What a vote for Nader means

To cynics, it's a vote for Bush. But you won't hear Bush or Gore rip the auto industry on its Motor City turf the way Nader does in this speech.

Published October 25, 2000 12:46AM (EDT)

Many of the attacks against Ralph Nader, the Green Party candidate for president, come from Democrats concerned that Nader backers will seal a George W. Bush victory. With the race going down to the wire in traditional Democratic havens like Oregon, Wisconsin and even Minnesota, Nader is being set up as the villain of any campaign scenario that ends in a Gore defeat. A vote for Nader, according to these critics, is a "wasted vote," one that accomplishes nothing, since it's one vote less for Gore.

Nader backers, for their part, are trying to persuade liberal or "progressive" voters that a vote for their man sends a distinct message.

But what, exactly, does a vote for Nader stand for? He's against capital punishment; he's for both military downsizing and withdrawing troops abroad; he supports "civil unions" for gay couples; he opposes many of the trade expansions of the last decade, including GATT and NAFTA; he supports public financing of political campaigns; he supports a universal, single-payer healthcare system; and he backs ratification of the Equal Rights Amendment.

There are other issues: He supports jail time, not just civil fines, for corporate officers who violate consumer protection regulations; he supports a moratorium on irradiating meats; and he supports legalizing industrial hemp as a way of diminishing the economic crisis among small farmers.

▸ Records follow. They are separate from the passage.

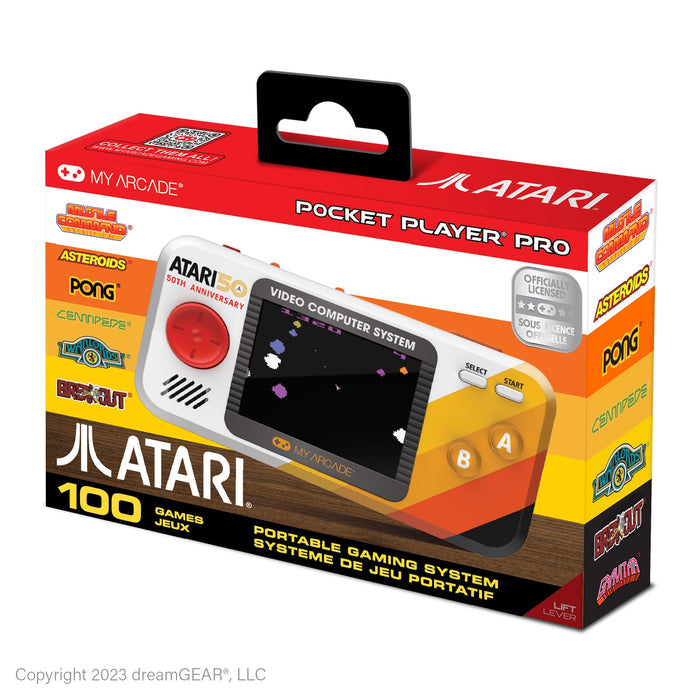 My Arcade DGUNL-7015 Atari Pocket Player Pro Handheld Portable Gaming System 100 Games Retro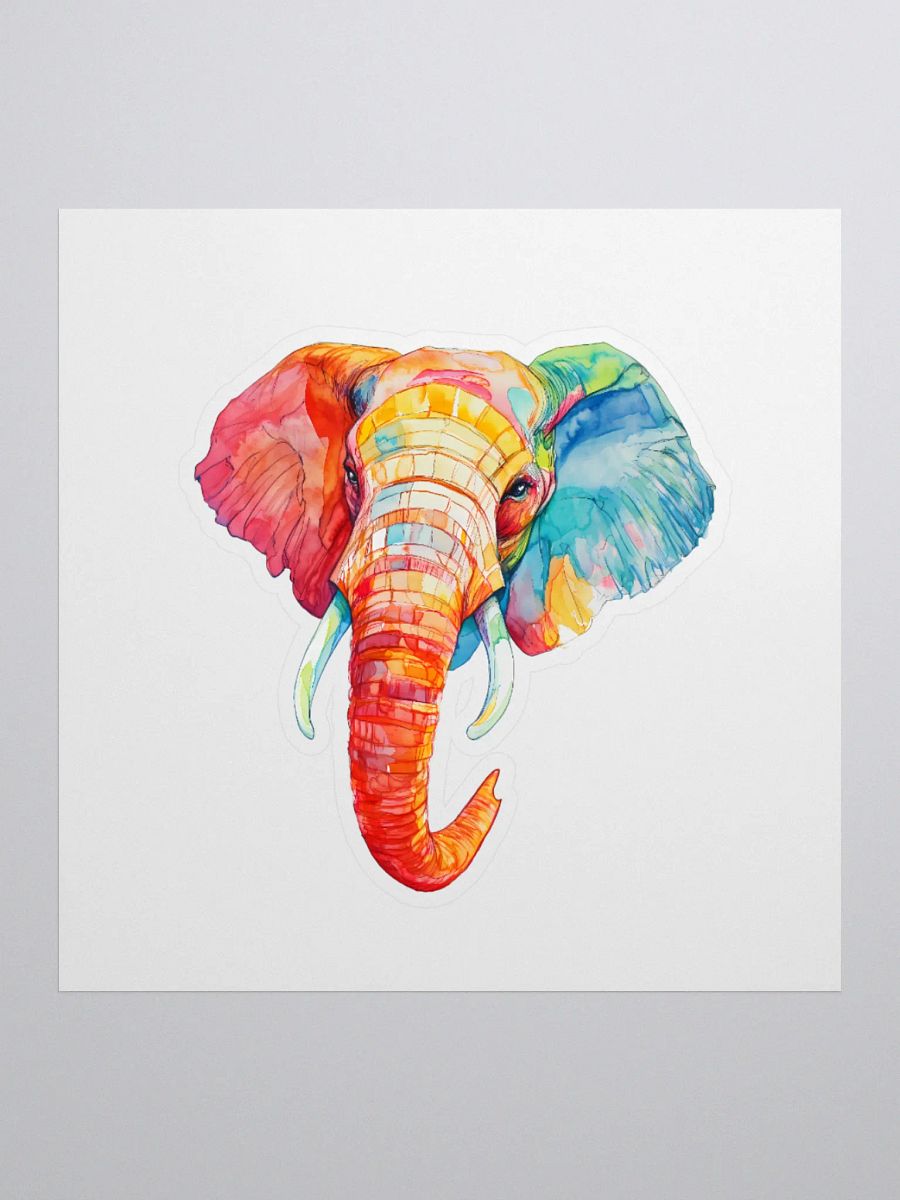 Vibrant Elephant Head Graffiti Kiss Cut Stickers product image (3)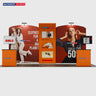 Tragbare Ausstellungswand 6m x 3m – Modell 9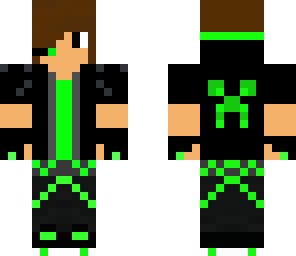 neon green gamer boy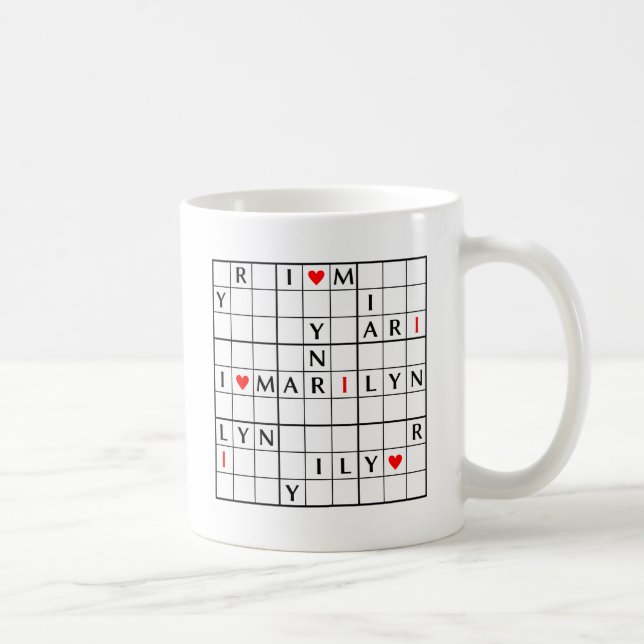 TAZA DE CAFÉ I♥MARILYN (Derecha)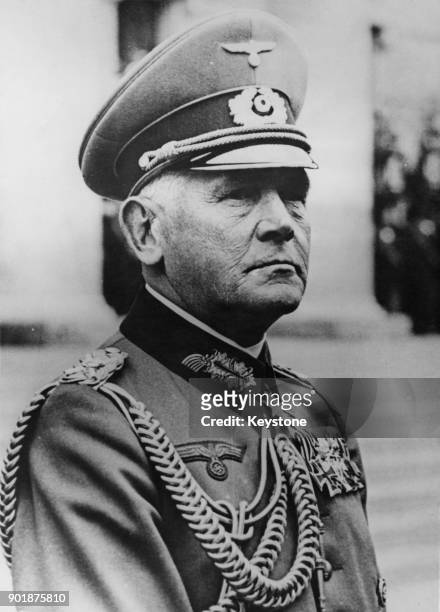 General Werner Von Blomberg of the German Armed Forces, circa 1938.
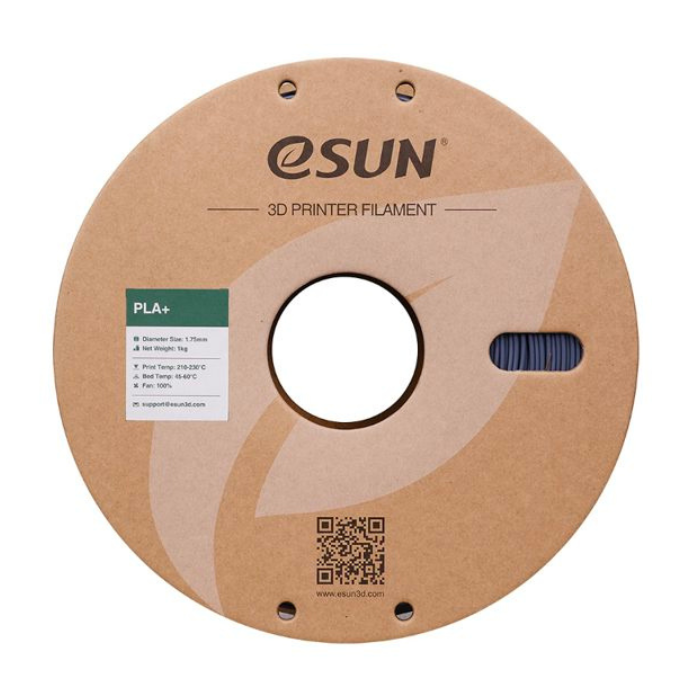 eSun 1.75mm 1kg PLA+ 3D Printing Filament Grey Color
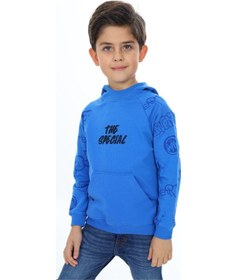 Resim Toontoy Kids Toontoy Erkek Çocuk Nakışlı Sweatshirt Saks 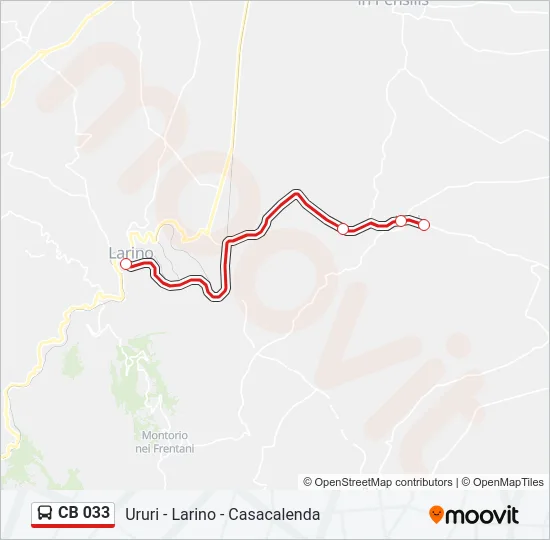 CB 033 Bus Line Map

And, of course, there's the promise of a true straight talker. While most politicians do tailor their speeches depending on what audience they are speaking to, most don't challenge their audiences as Nader did in his Oct. 10 remarks to the Detroit Economic Club.

At that pro-auto-industry venue, Nader blasted car manufacturers for decades of manipulating the government to dodge safety and environmental regulations, charges he first leveled in his groundbreaking 1965 work "Unsafe at Any Speed." The speech is rude, impolitic and completely unapologetic. And it may be the perfect Nader primer.

An excerpt follows:

Invitations to me from the Detroit Economic Club do not come frequently to me for obvious reasons. And I welcome the opportunity as an invitation for candor.

My father came to this country in 1912 and, as he said when he sailed past the Statue of Liberty, he took it seriously. And his first job was in the Maxwell Auto Works here in Detroit. He had started out as an autoworker.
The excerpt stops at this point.